Restart the R session. This should now automatically run the .Rprofile file, which you can tell by the output in the console on start-up. The include.R script loads all required packages and functions.

You should now be able to run all functions and scripts. Running simulation studies requires a Redis database server to be configured.

Redis database

The Redis database stores the open jobs as well as the results of completed jobs. Parallel workers fetch jobs from the Redis queue, and store result in the respective experiment set. The benefit of storing results in the database is that it avoids the rather large file system overhead from saving thousands of small result files.

Installing Redis server

Windows

Download the Redis binaries. Older binaries are available at https://github.com/microsoftarchive/redis/ (download link)
Install Redis
1. Make sure Redis is added to your system's PATH environment variable.
2. Let Redis use the default port (6379).

Unix

WIP 1. set BASEDIR in redis.ksh

Starting Redis server

You need to start the Redis server before you can run simulations or retrieve simulation results.

The Redis configuration file included in the repository here configures a server on port 6379 with password "password" and database saved to redis/database.rdb. A server password is required because the simulation R code connects to Redis using authentication.

Windows

In order to start the Redis server on Windows, run redis.bat. Alternatively, you can open the command line in the root repository directory and execute redis-server redis/redis.conf If everything is configured correctly, you should see the following window:

If no window shows up, that indicates the Redis server failed to start. First check if the database directory path exists.

Unix

From the root directory of the repository, run redis-server redis/redis.conf

Connect to Redis

After you have confirmed that the Redis server is running and you have opened an R session with all scripts loaded, connect to Redis in R by running redis_connect(). You should see the message "Connected to Redis at localhost:6379.".

Running simulations

All simulation scenarios described in the manuscript are located inside the experiments folder. Simulation scenarios are defined in R scripts prefixed by exp_.

Generating simulation settings

As an example, the simulation settings for the scenario involving a known number of clusters are defined and generated in expnormalknown.R.

Specifically, the scenario with two-cluster dataset with quadratic trends and varying number of trajetories, observations, random effects, and noise, are generated using: R cases_normal2 <- expand.grid( data = c('longdata_randquad2'), model = c('longmodel_kml', 'longmodel_gcm2km', 'longmodel_gbtm2', 'longmodel_gmm2', 'longmodel_mixtvem_nugget'), numtraj = c(200, 500, 1000), numobs = c(4, 10, 25), numclus = 2, re = c(RE_NORM_LOW, RE_NORM_MED, RE_NORM_HIGH), noise = c(.01, .1), dataseed = 1:100, seed = 1 ) %>% as.data.table() %T>% print() The model names passed through the model argument are names of the functions defined in the methods folder. This makes it relatively easy to define and evaluate new methods. Providing dataseed = 1:100 results in 100 different datasets being generated.

Queueing simulation jobs

After generating the table of simulation settings, we can submit them to the job queue using the experiment_submit() function. Only jobs which have not been previously evaluated are added. R redis_connect() # connect to Redis first experiment_submit(name = 'normal_known', cases = cases_normal2)

Starting parallel workers

The submitted jobs now need to be evaluated. This evaluation is done by worker instances.

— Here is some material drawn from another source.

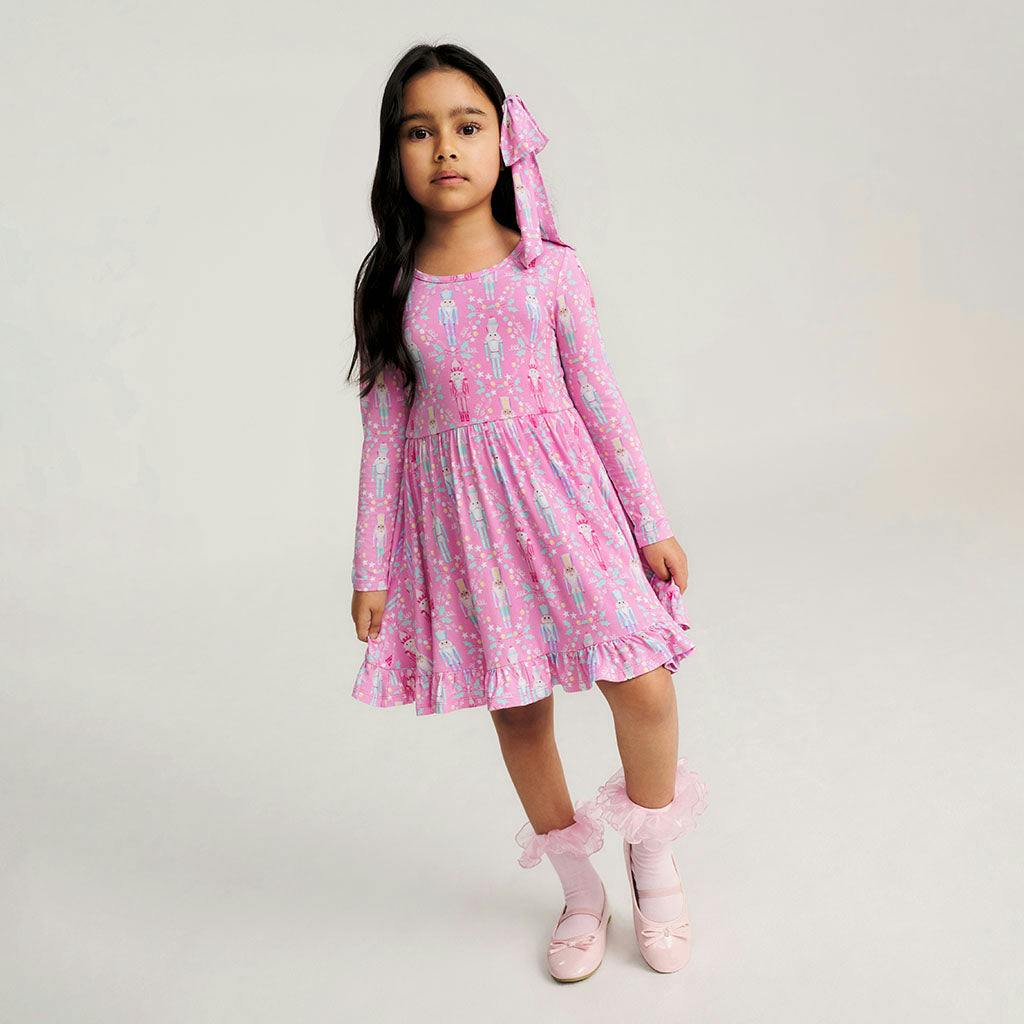 Nutcracker Suite Ruffled Twirl Dress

To start a simulation worker on Windows, run worker.bat. However, for this to work, R needs to be in your PATH environment variable so Windows can locate the R executable file. On Linux, in the command line from the repository directory, run R --slave -f redis/worker.R On computational clusters, you can start worker batch jobs in a similar manner.

You can start as many workers as your system allows. The workers will pull jobs from the queue and evaluate them. When no more jobs are open, the workers will terminate.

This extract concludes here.